She'd done enough of that in her lifetime to earn a big batch of karma. It would be great if that started reaping dividends right this moment.
"Change fee is sevent—"
"I know, Alan." She nipped his argument in the bud with a hand that needed a manicure like yesterday. "So we're not going to call it a change. We're going to call it a new order, one we're going to put a rush on, by the way. And then, when I come to pick up the new flyers, we're going to attach that order to the one I've already paid for."
She held up the receipt with her best Vanna White smile in hopes that she'd revealed enough letters to spell success in today's round of Nomi's Wheel of Fortune.
"What do you say, Alan?"
Either he'd heard the please, please, please she'd silently tacked onto the end, or he had a very strong urge to clear his tiny store of assertive women because he sighed and pulled out his order pad. Dutifully, he took dictation as Nomi detailed the original specs from the receipt in her hand.
"They'll be here next Tuesday," he said flatly. "That's the quickest turnaround there is."
"I'll take it. And these useless flyers that you're going to throw in the trash anyway." She patted his hand and snagged the stack of glossy papers that she might be able to salvage with a package of mailing labels and the printer at her office. "You're good people, Alan. I'll send all my friends to see you as a big fat thank you."

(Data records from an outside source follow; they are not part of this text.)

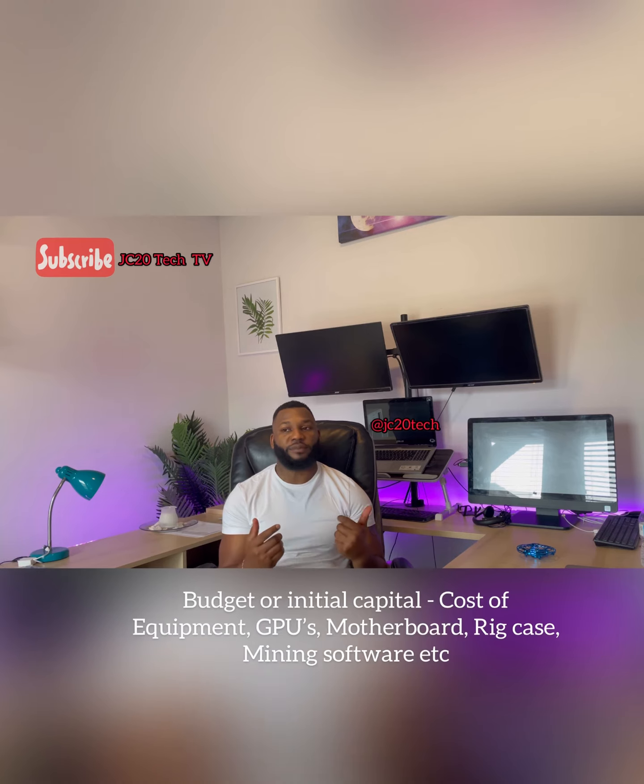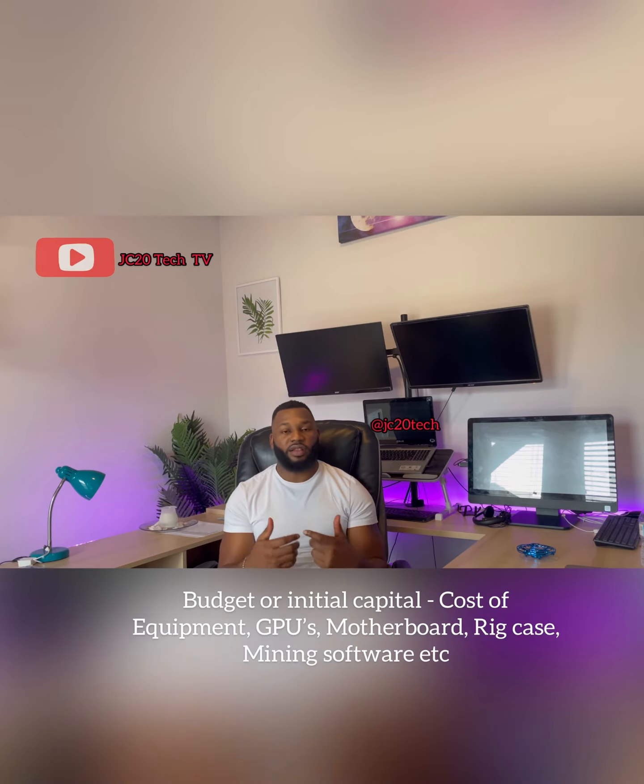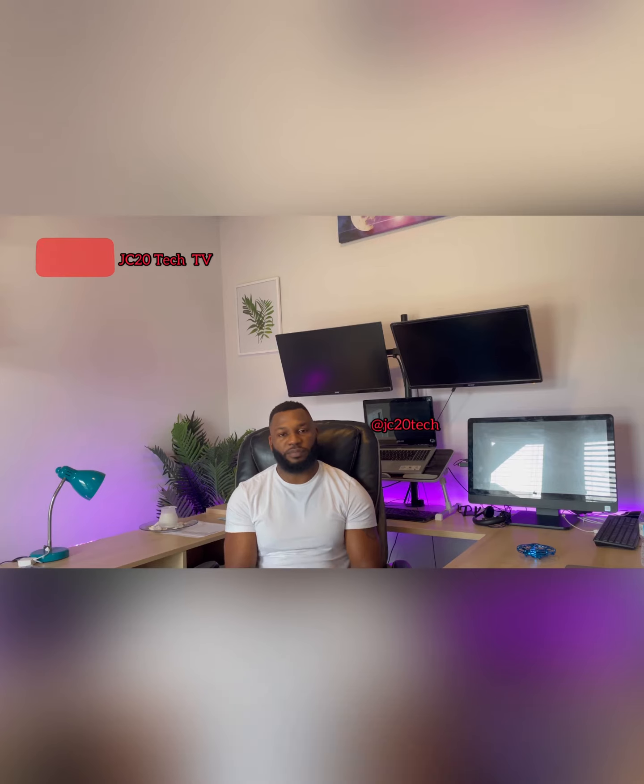You need to have a budget. You need to know how much you have and how much you're willing to pay for the components, because the graphics cards are kind of expensive, and they're not easily found online or in physical stores. You have to search particularly for that actual GPU.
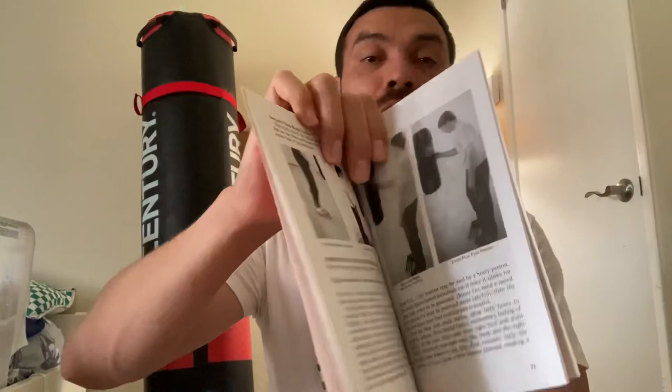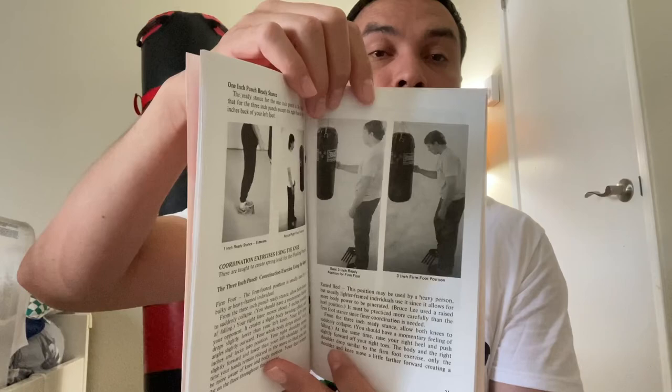And then there are some punching exercises to do on the bag — you can see that there. Pretty cool. I'm going to read it and probably do a video on myself practicing some of the techniques.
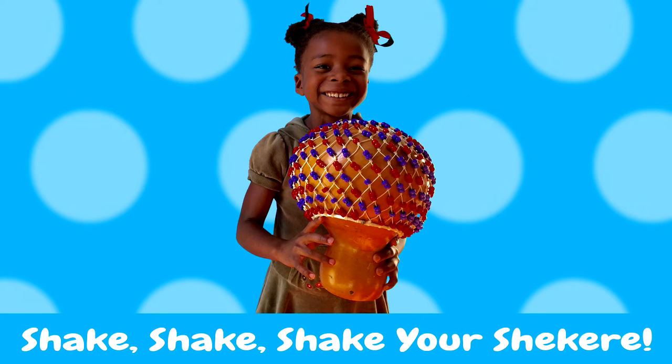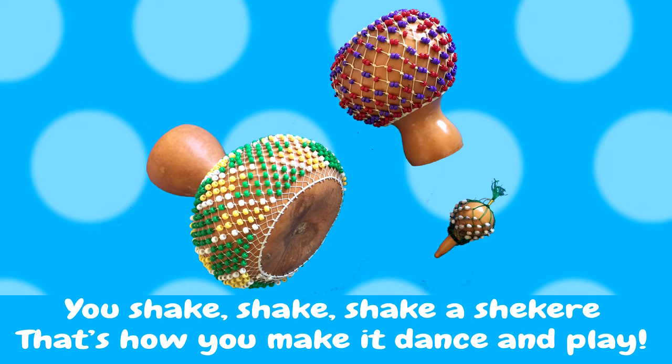Shake, shake, shake your shakeray. You shake, shake, shake a shakeray. That's how you make it dance and play.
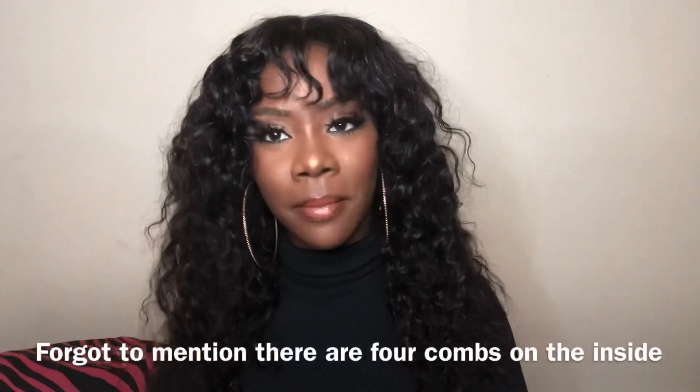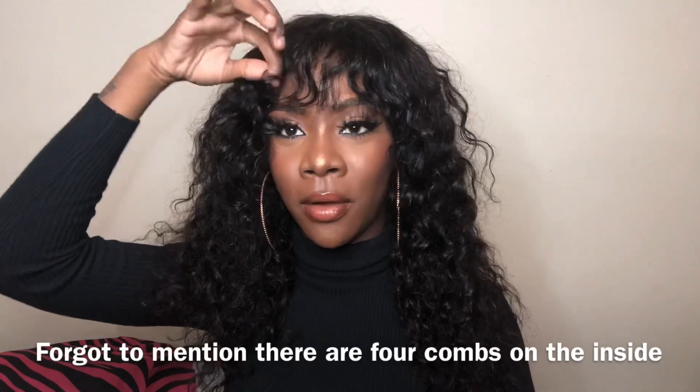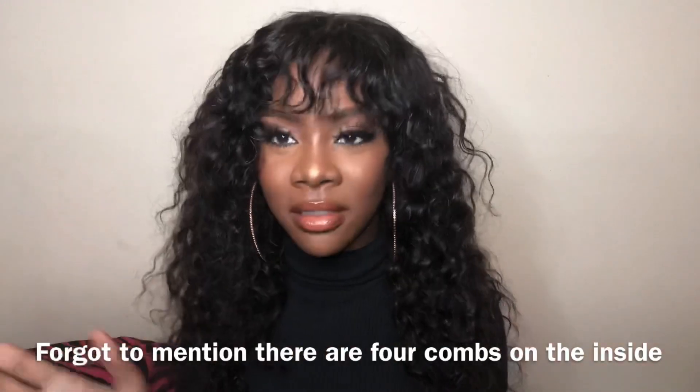The link for the company will be below. If you want a video on how I achieve this look, let me know in the comments — it's not difficult at all. If you don't like the cut, please don't judge the wig based on my cut. It's a really nice, soft wig.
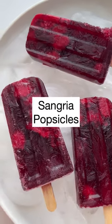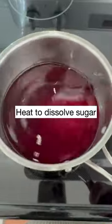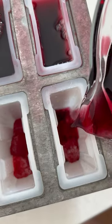Nothing says summer more than these sangria popsicles. All you need to make these are four ingredients. I start by heating my sugar and my pomegranate juice over low heat until the sugar dissolves, and then I stir in my red wine.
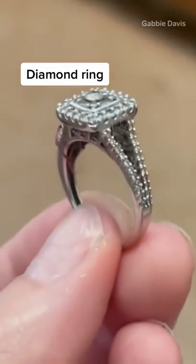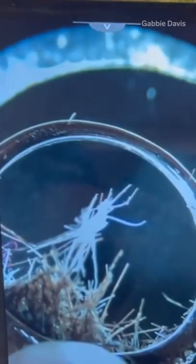I'm going to start out by using my tweezers and needle to extract all of this hair that has gotten caught up in all of the openings and crevices of this ring.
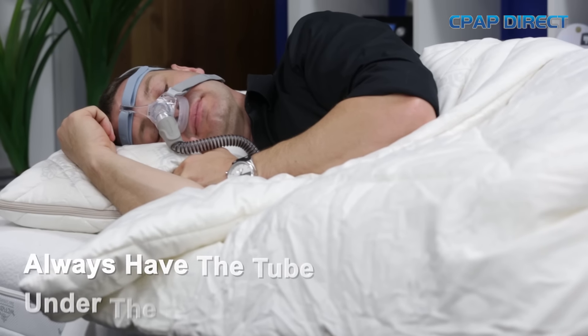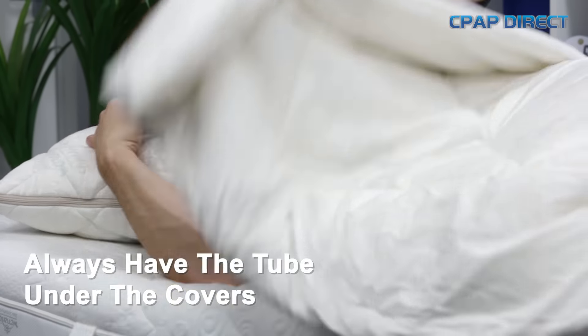I personally have the CPAP machine on the floor next to the bed. The tube comes up at hip level and I lie on my side and cuddle the tube. The key is that the tube is under the covers with me so it's not going to get in the way. I can move from side to back to side to back without any problems or disturbance at all.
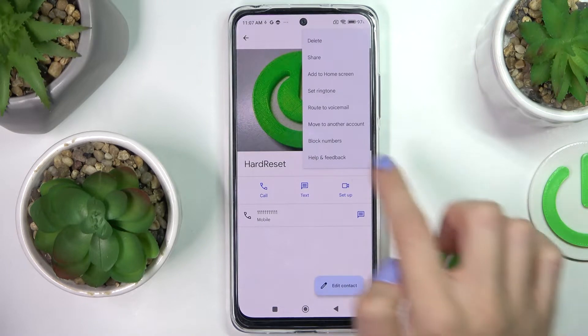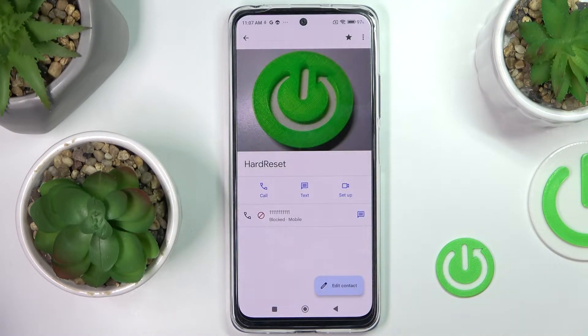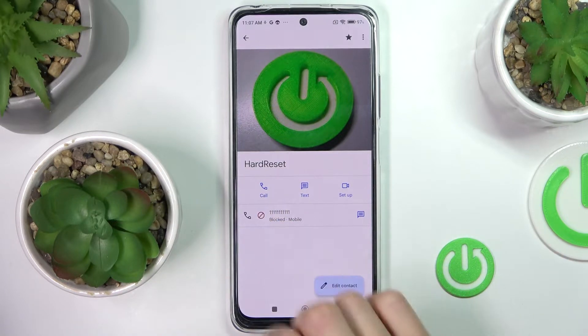Smoothly mark it, tap on the More icon, and select Block Numbers. Click on Block to confirm, and from now on that contact will not be able to reach you. Here you can see the sign indicating the blockade is active.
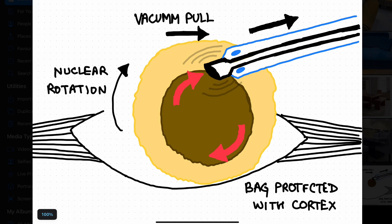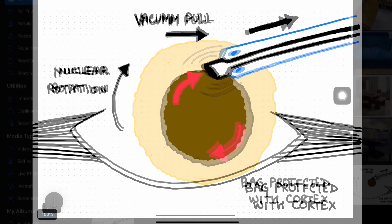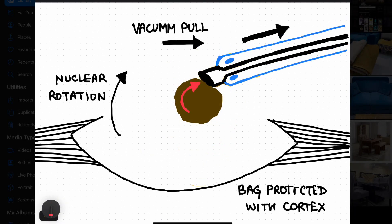Put your pedal down in phaco position 3 and grab a sweet spot between phaco position 2 and position 3. If your vectors are right, the nucleus will start rotating like a cartwheel, as depicted clearly in this photograph. You can see the ultrasonic energy from the tip at the junction of endo and cortex. As the nucleus starts rotating, you can see the vacuum pull and nuclear rotation — the bag is being protected with cortex. After a few seconds, the cortex is gone and the rim of the endonucleus has gone.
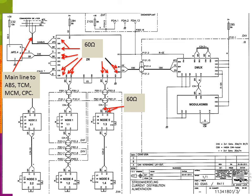This slide shows your main CAN bus connector for your main line to your ABS, TCM, MCM, or CPC. Looking at the ZR, there are different points where you can check for resistance. If everything is plugged in and working correctly, you should have 60 ohms at any of these points. For example, at node 5 between C1 and C2, with everything plugged in and the coach powered down, you should have 60 ohms. If you show 120 ohms at any test point, you have a problem in the CAN line — you've lost a terminating resistor or the line is unplugged.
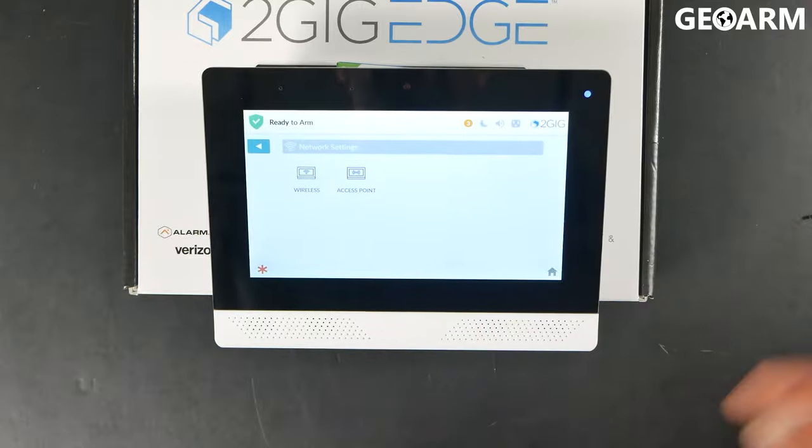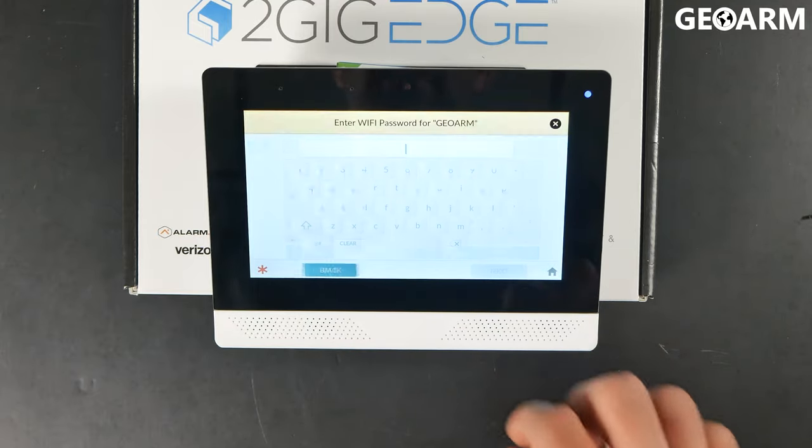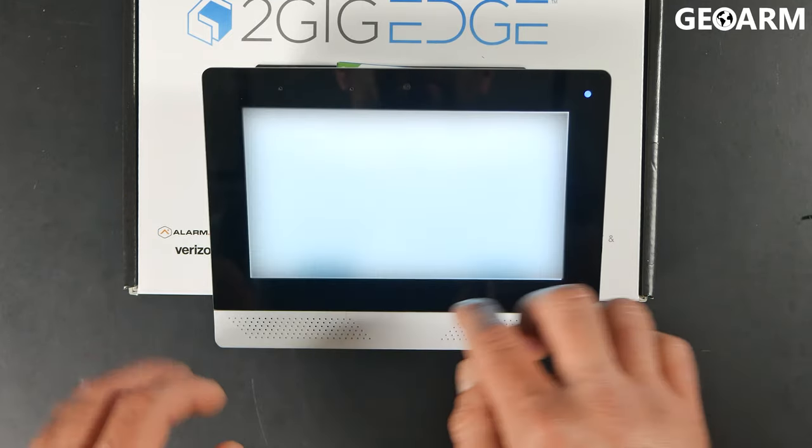What we're going to do is go to Network, then go to Wireless. It's going to scan for your access points, so go ahead and highlight yours. At this point, you are going to put in your Wi-Fi password — it will be case sensitive, so make sure that you put it in correctly.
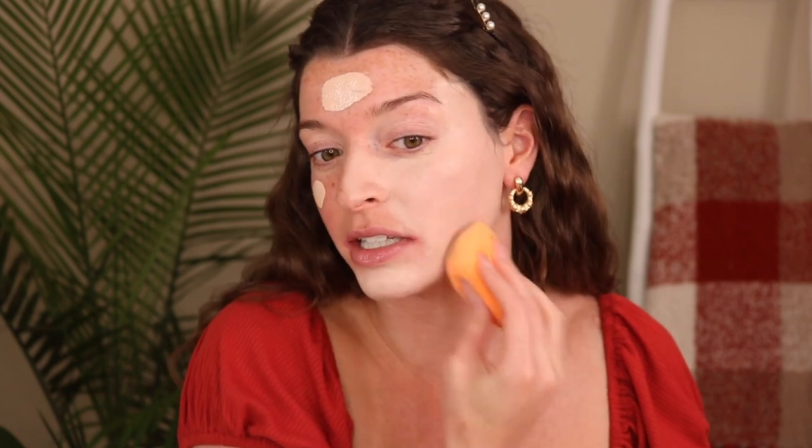My skin feels very hydrated from that spray and it feels ready for foundation. I'm applying this with a sponge, because I like the way sponges make my makeup look — really flawless. I'm going to try and go for full coverage today since I haven't done that in a while. I'm not sure how much coverage it's going to have, but we're gonna buff it out.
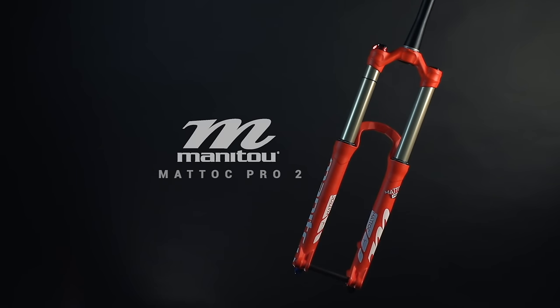The Manitou Matic Pro 2 is essentially the rebirth of the heritage that Manitou built up back in the day. I think it's drawing people's attention back to Manitou, and rightfully so.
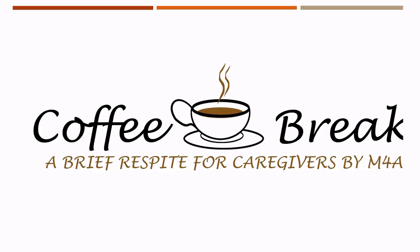Hello and welcome to Coffee Break, brought to you by the Middle Alabama Area Agency on Aging, or M4A. This is the third session of our Coffee Break, which is a collaborative effort between our Alabama Cares Caregiver Program and our Panda Project covering Shelby County. For previous episodes, feel free to check out our YouTube channel.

Which wouldn't be hard, since everyone she knew in Dallas lived within a stone's throw of the copy place. After selling the Highland Park house she could no longer afford, she'd landed at Vivo, a unique community complex that included a shared workspace, stores, restaurants and a slew of condos overhead that meant her friends were never far away.
Nomi skedaddled before Alan called her out for absconding with the misprinted flyers, but really, what was he going to say—"I need a bit more trash to line my recycle bin before I call it a day"?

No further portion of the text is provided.